Under normal circumstances, Ottawa shouldn’t make loans like that. But COVID-19 was obviously not a normal circumstance. Businesses that took CEBA didn’t get into financial trouble because of poor management. They were victims of circumstances beyond their control.
That’s why CEBA and other programs were needed, and why their terms had to be generous.
On Monday, Finance Minister Chrystia Freeland and Small Business Minister Rechie Valdez announced that an estimated 75 per cent of CEBA recipients had met the deadline. They repaid their loan from Ottawa, entitling them to have up to one-third of the principal forgiven.
The one-quarter of businesses that weren’t able to find the money to meet the deadline, including by borrowing from a bank or other lender, have lost the opportunity for partial loan forgiveness. However, it’s not like Ottawa is about to seize their assets or order them to closer their doors. Instead, their remaining CEBA loans, which had a 0-per-cent interest rate, will now carry an interest rate of 5 per cent.

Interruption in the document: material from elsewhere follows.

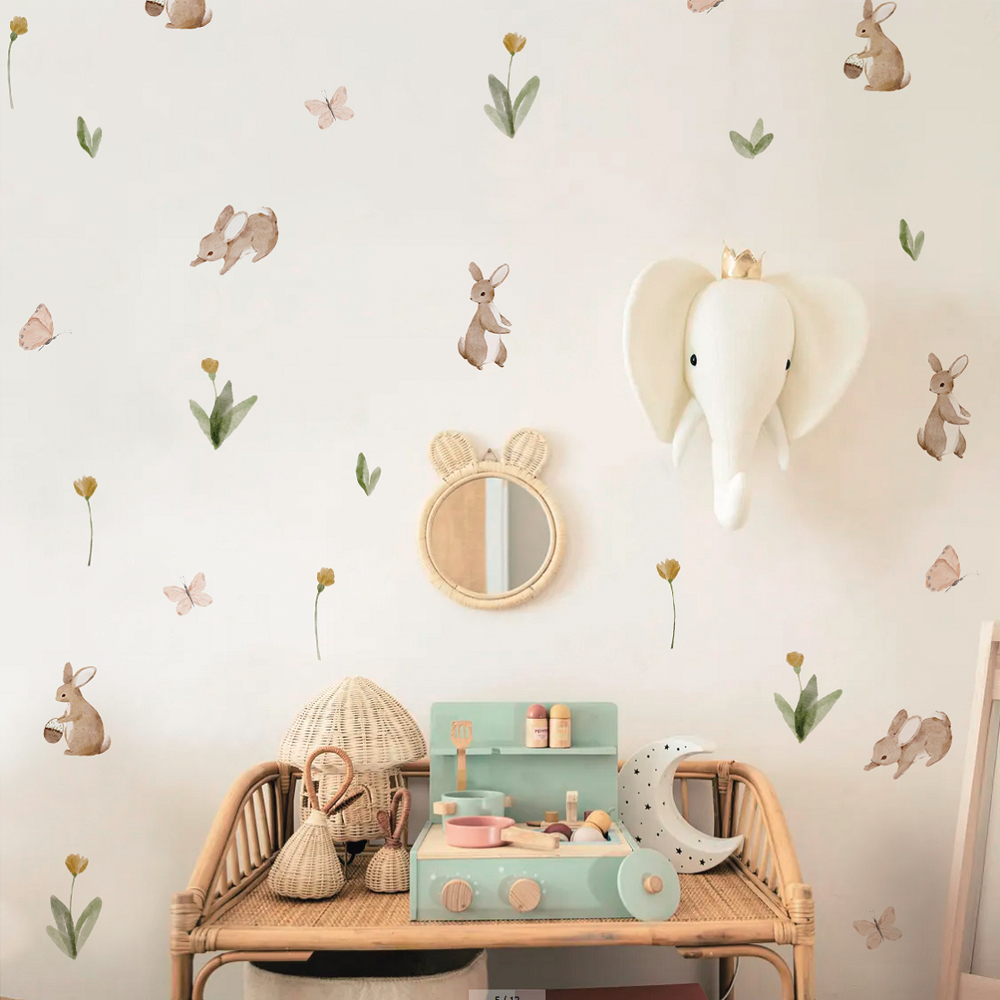 Summertime Watercolor  Cute Bu – обзор и цена Baby Nursery Wallpaper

On a $60,000 loan, that’s an annual interest payment of $3,000. That’s better than what’s on offer these days from at the bank – particularly for a business that tells its banker it doesn’t have the wherewithal to cover even a $250-a-month loan payment.
Ottawa could have chosen to extend the zero-per-cent interest rate for another year, to the end of 2024, as some business groups urged. But interest-free loans for borrowers aren’t free for the lender. And the lender here is all of us. According to the Parliamentary Budget Officer, a one-year extension would have cost taxpayers more than $900-million.
On balance, the Trudeau government was right to create CEBA during the depths of the pandemic recession. On balance, it was right to give it generous terms. And on balance, with the pandemic recession long behind us, the Trudeau government was right to start bringing CEBA to a close.